▸ **Task directions**
Output the data in full. Keep every word exact and exclude the pictures.

═════ Stored data

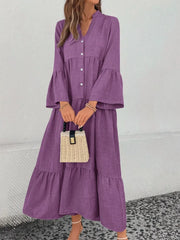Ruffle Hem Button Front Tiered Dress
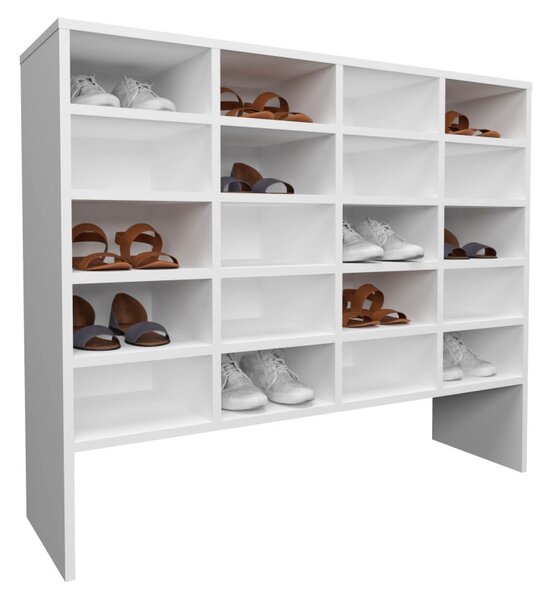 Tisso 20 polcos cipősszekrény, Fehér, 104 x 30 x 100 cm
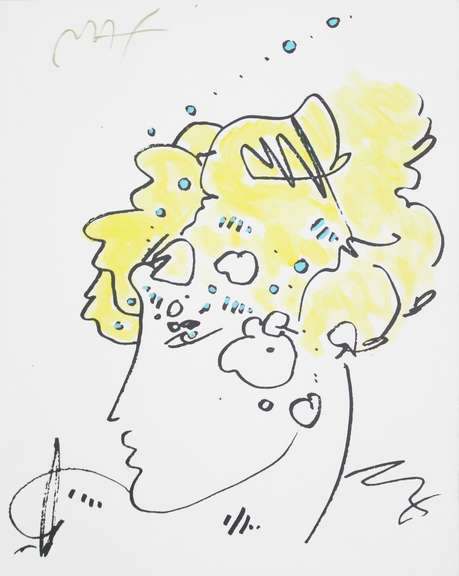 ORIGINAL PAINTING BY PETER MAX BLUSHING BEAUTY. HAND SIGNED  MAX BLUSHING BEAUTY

══════════

▸ **Answer section**
Ruffle Hem Button Front Tiered Dress
 Tisso 20 polcos cipősszekrény, Fehér, 104 x 30 x 100 cm
 ORIGINAL PAINTING BY PETER MAX BLUSHING BEAUTY. HAND SIGNED  MAX BLUSHING BEAUTY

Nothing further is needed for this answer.